• [Problem requirements] Set down exactly the lines that run from the one containing "A lot of times" to the end of the material below, both included, without pictures.

** Opening Data for processing block **

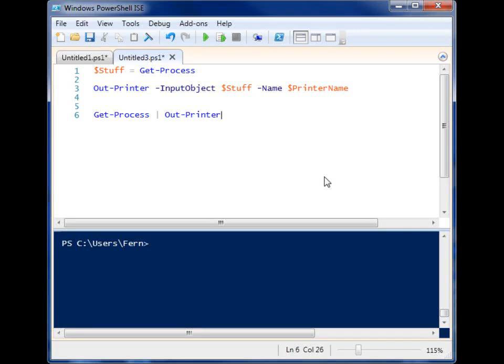All right, so we're going to look at a couple of ways that you can print out information from within PowerShell. And to do that, we use the out-printer commandlet.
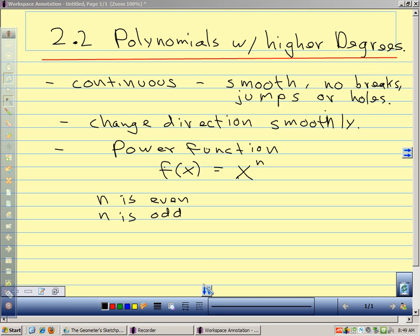Transformations of power functions are just like our transformations for y = x². If I add a number outside, that shifts the graph up and down. If I add a number inside the function — like x minus 2 to some power — that shifts the function to the right. If I multiply a number out front, that stretches or compresses the function. So transformations of power functions work exactly the same as transformations of y = x².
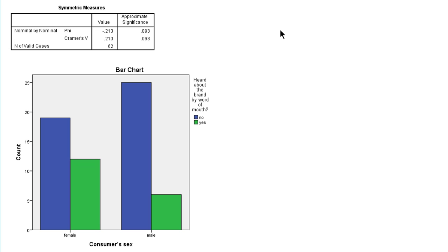As we can see, among females there is a much larger part which did hear about the brand by word of mouth, the green column, whereas the green column among males is very small compared to the blue column. So basically, among females there is more word of mouth than among males.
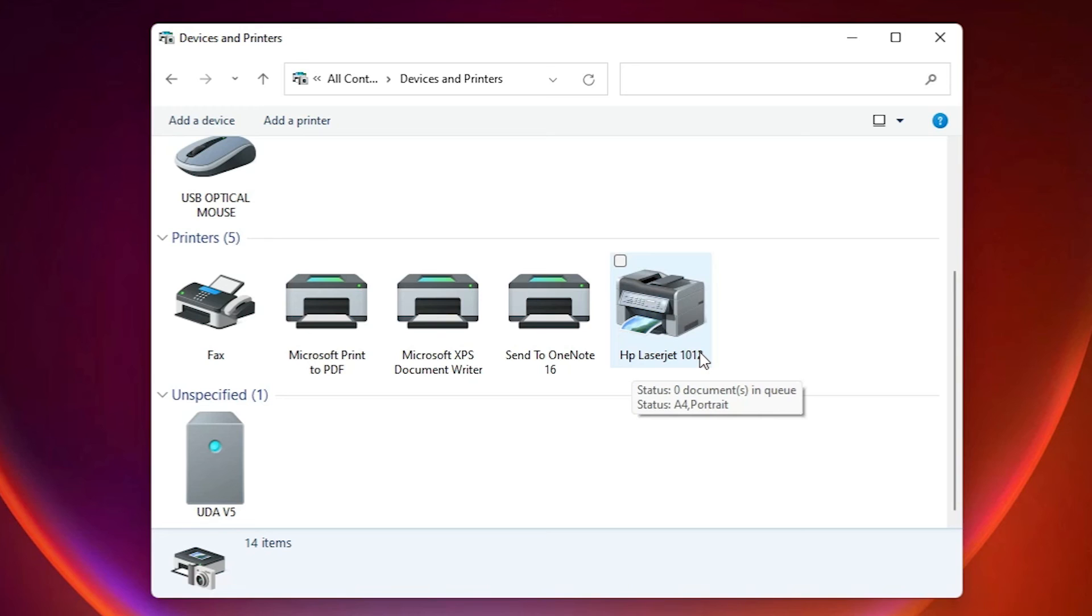So guys, this is the simplest way to download and install HP LaserJet 1012 printer driver in Windows 11 operating system. So guys, thank you for watching this video. Don't forget to like, share, comment on this video, and don't forget to subscribe the channel. Thank you guys.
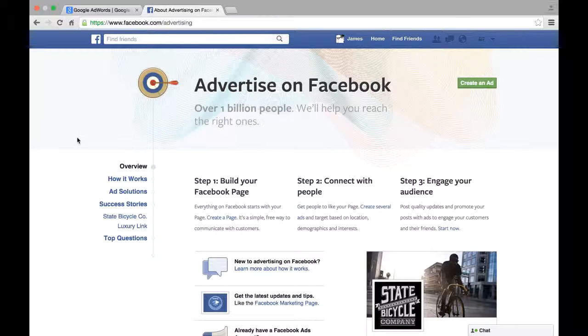A lot of times people click on these ads and they don't necessarily want to go there but you still get charged.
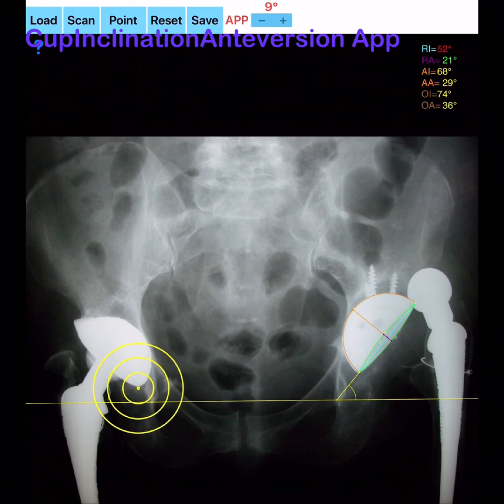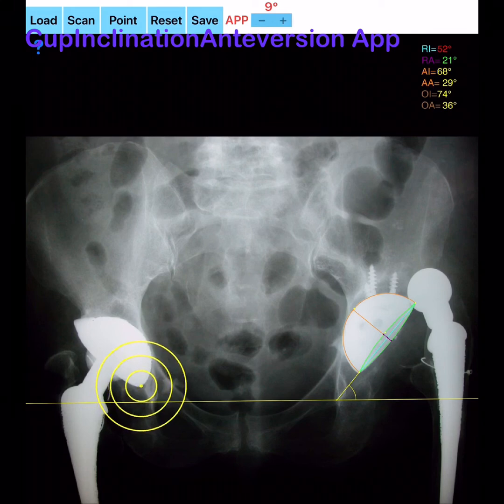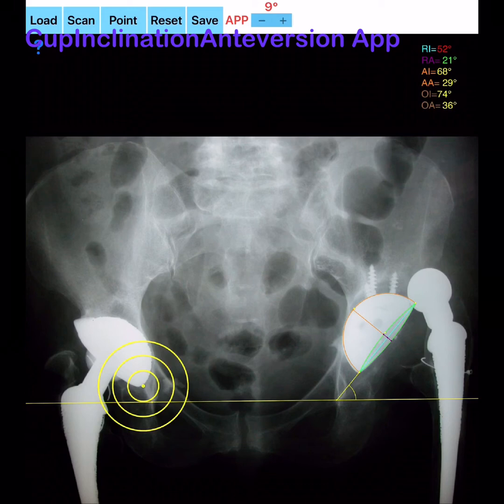The cup anteversion (AV) is calculated through the formula arcsin(short axis / total length), is calculated by the app and printed on the screen.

** Closing Data for processing block **

• [Problem solution]
A lot of times people click on these ads and they don't necessarily want to go there but you still get charged.
The cup anteversion (AV) is calculated through the formula arcsin(short axis / total length), is calculated by the app and printed on the screen.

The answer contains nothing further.